米澤穂信『巴里マカロンの謎』(創元推理文庫)

 「わたしたちはこれから、新しくオープンしたお店、パティスリー・コギ・アネックス・ルリコに行って新作マカロンを食べます」その店のティー&マカロンセットで注文できるマカロンは三種類。しかし小佐内さんの皿には、あるはずのない四つめのマカロンが乗っていた。誰がなぜ四つめのマカロンを置いたのか。それ以前に、四種の中で増えたマカロンはどれか。「ぼくが思うに、これは観察力が鍵になる」小鳩君は早速思考を巡らし始める……。心穏やかで無害で易きに流れる、誰にも迷惑をかけない小市民になるべく互恵関係を結んだあの二人が帰ってきました! お待ちかねシリーズ十一年ぶりの新刊、四編収録の作品集登場。(粗筋紹介より引用)
 2016~2019年に『ミステリーズ!』に掲載された「巴里マカロンの謎」「紐育チーズケーキの謎」「伯林あげぱんの謎」に書き下ろし「花府シュークリームの謎」を収録。2020年1月、創元推理文庫より刊行。

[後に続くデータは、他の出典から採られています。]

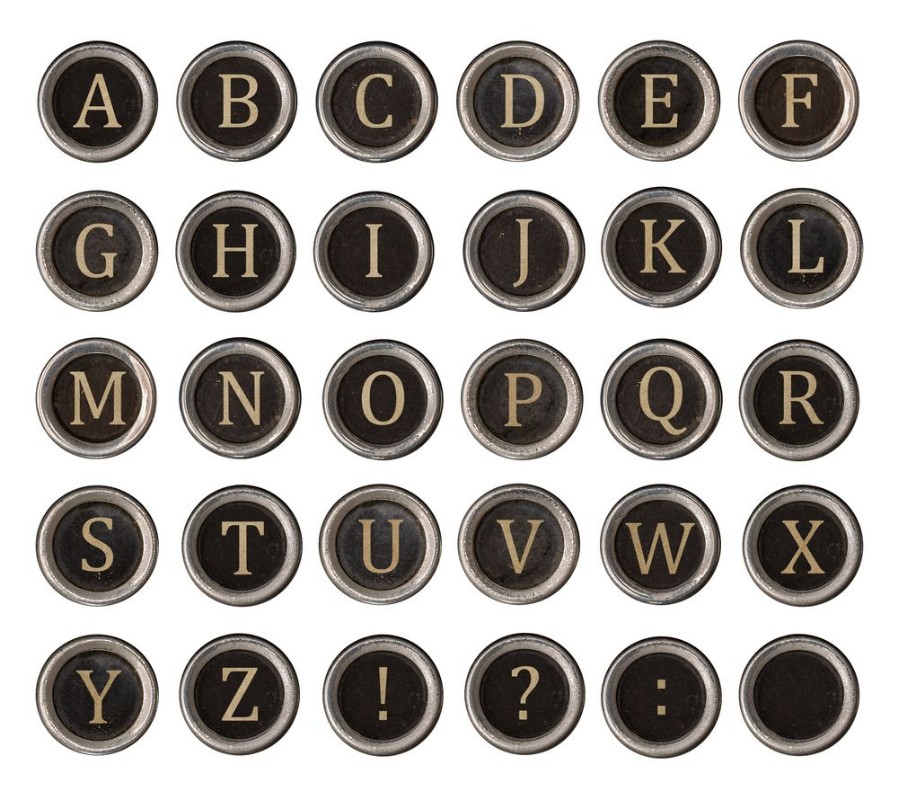 Afbeeldingen van Set of old typewriter keys with alphabet on it isolated on white background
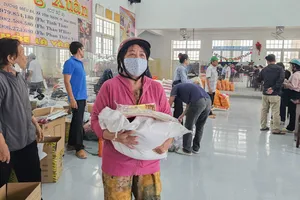 Bà con vùng lũ Nha Trang xúc động nhận quà hỗ trợ từ bạn đọc Báo Pháp Luật TP.HCM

 『秋季限定栗きんとん事件』依頼11年ぶりの小市民シリーズ最新作。とはいえ、今回の四作品はいずれも小鳩君と小佐内さんが高校一年生であり、シリーズ番外編と言える。
 二人が抱える重いテーマが出てこない分、ストレートに二人のシリーズを楽しむことはできる。謎自体はいずれも小粒であるし、推理にもそれほど飛躍があるわけではなく、シリーズファンだったら楽しめればいいでしょう、みたいな雰囲気は否めない。もちろん、単独で読んでもわかるような内容にはなっているが。
 とりあえず、出たことを素直に喜べばいいんじゃないかな、これは。作者がシリーズの感覚を取り戻そうとしている作品集でしょう。個人的には、オチがほとんど見えていても笑ってしまった「伯林あげぱんの謎」が好き。

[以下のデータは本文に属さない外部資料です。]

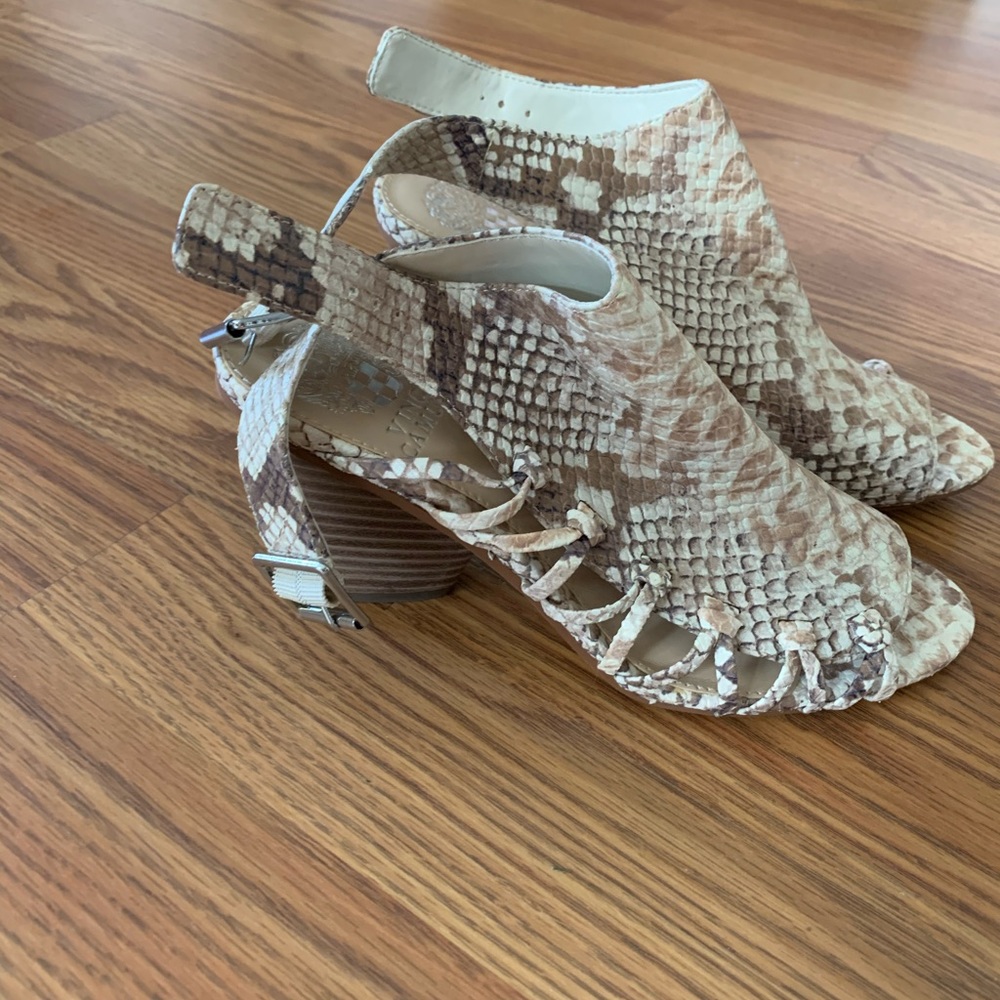 Pink alligator pumps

タイガー服部『古今東西プロレスラー伝説』(ベースボール・マガジン社)

 業界キャリア50年を誇り、新日本プロレス、ジャパン・プロレス、全日本プロレスなどメジャー団体の歴史的試合を数多く裁いたレジェンド・レフェリーの著者は、外国人選手を発掘・招聘する渉外担当しても名高い。ハルク・ホーガン、アンドレ・ザ・ジャイアント、ザ・ロード・ウォリアーズ、長州力、オカダ・カズチカ…日本のプロレス界に名を遺した新旧の名外国人選手から交流の深い日本人選手まで。古今東西のプロレスラーたちの知られざる素顔、リング外の仰天エピソードを明かす!(折り返しより引用)
 2013年5月より約4年間、『週刊プロレス』に連載された「タイガー服部のYOUなに聞きたい!?」を2020年2月、単行本化。オカダ・カズチカとの特別対談を収録。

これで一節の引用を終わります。